Hello! I was wondering what are the good practices...
# questions
f
Hello! I was wondering what are the good practices about the Python classes in Kedro. For instance, in one of my nodes (define_text_processor) defined in nodes.py, I initialize an instance of a class (TextProcessor):
Copy code
def define_text_processor():
    transformations = [LowerText(), RemoveUniCode(), StopWordsRemoval(), Stemming()]
    text_processor = TextProcessor(transformations)

    return text_processor
Where should I put the code for the TextProcessor class definition?
Copy code
class TextProcessor:
    def __init__(self, transformations=None):
        if transformations is None:
            transformations = list()
        self.transformations = transformations

    def process_data(self, data: str):
        for transformation in self.transformations:
            data = transformation.process(data)
        return data

    def __repr__(self):
        return f'TextProcessor object with the following transformations: {[o.name for o in self.transformations]}'
In nodes.py (even though TextProcessor is not a node)? Or should it be in the catalog? And isn't it an issue that we won't see the code of this class in Kedro viz?
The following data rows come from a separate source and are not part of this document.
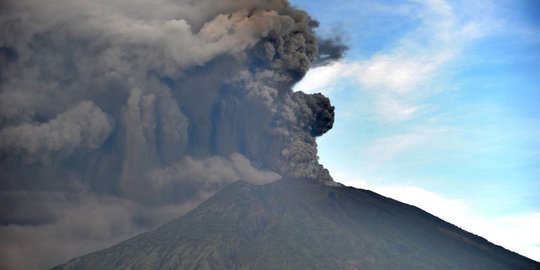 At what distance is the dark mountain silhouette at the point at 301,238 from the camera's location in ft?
413

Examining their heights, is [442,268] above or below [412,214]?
below

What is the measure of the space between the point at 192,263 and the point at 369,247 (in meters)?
27.6

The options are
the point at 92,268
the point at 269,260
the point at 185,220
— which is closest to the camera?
the point at 269,260

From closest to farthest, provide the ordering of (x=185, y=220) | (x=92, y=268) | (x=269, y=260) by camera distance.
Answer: (x=269, y=260)
(x=92, y=268)
(x=185, y=220)

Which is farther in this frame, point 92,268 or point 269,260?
point 92,268

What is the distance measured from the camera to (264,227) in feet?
452

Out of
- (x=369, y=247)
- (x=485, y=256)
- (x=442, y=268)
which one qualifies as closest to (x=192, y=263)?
(x=369, y=247)

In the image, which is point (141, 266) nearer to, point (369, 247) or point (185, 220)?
point (185, 220)

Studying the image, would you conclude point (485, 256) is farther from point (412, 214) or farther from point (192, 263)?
point (192, 263)

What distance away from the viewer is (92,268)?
440 ft

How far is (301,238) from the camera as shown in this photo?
433ft

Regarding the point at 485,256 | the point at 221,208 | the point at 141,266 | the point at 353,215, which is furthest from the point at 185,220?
the point at 485,256

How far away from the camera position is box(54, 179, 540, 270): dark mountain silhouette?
125938 mm

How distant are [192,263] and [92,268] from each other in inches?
729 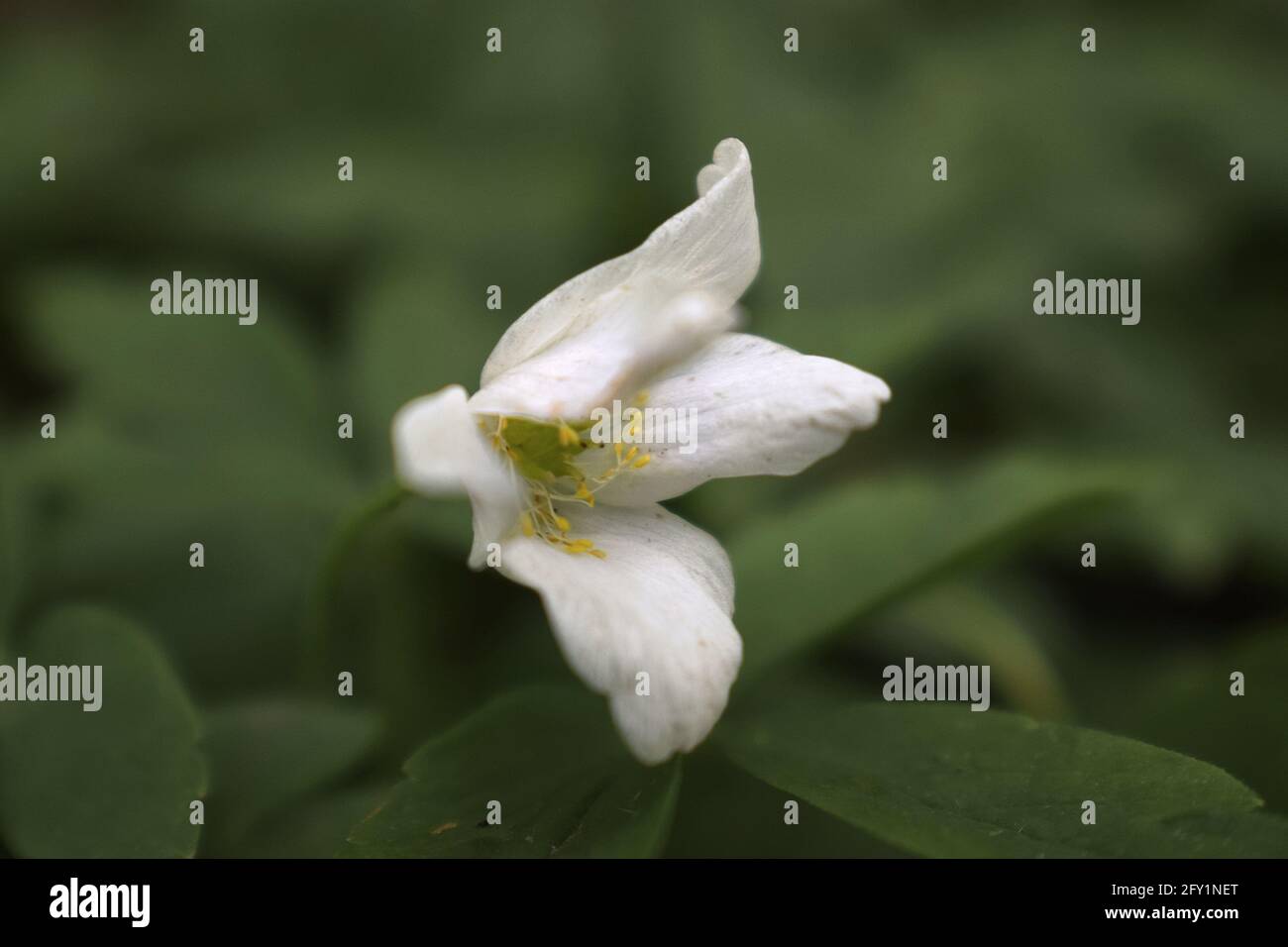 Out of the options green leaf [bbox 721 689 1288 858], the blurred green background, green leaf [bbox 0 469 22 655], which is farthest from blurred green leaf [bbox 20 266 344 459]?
green leaf [bbox 721 689 1288 858]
Thanks in advance!
1
m
Hi @Francis Duval, that's a good question and might come down to personal preference. I would create a separate python file
text_processor.py
and just import it in
nodes.py
Since it's not Node or Pipeline code it makes sense to me to keep it separate. If you don't have many nodes and
TextProcessor
is your only class, you could also decide to just keep it all in
nodes.py
. I would not keep it in the catalog. First of all, that's a
.yml
file so would make things complicated. Second of all, the catalog is really meant to keep all your input/output datasets used in your pipeline and this class isn't a dataset. With respect to Kedro Viz, it won't be an issue for the tool itself that you can't see the code, but the question is of course what you as a user want or expect. In Viz you don't see all code of your Kedro project, just the Nodes, and since
TextProcessor
isn't a node it wouldn't show, which to me personally makes sense. Hope this helps 🙂
f
Thank you so much Merel, it clarifies my questions a lot!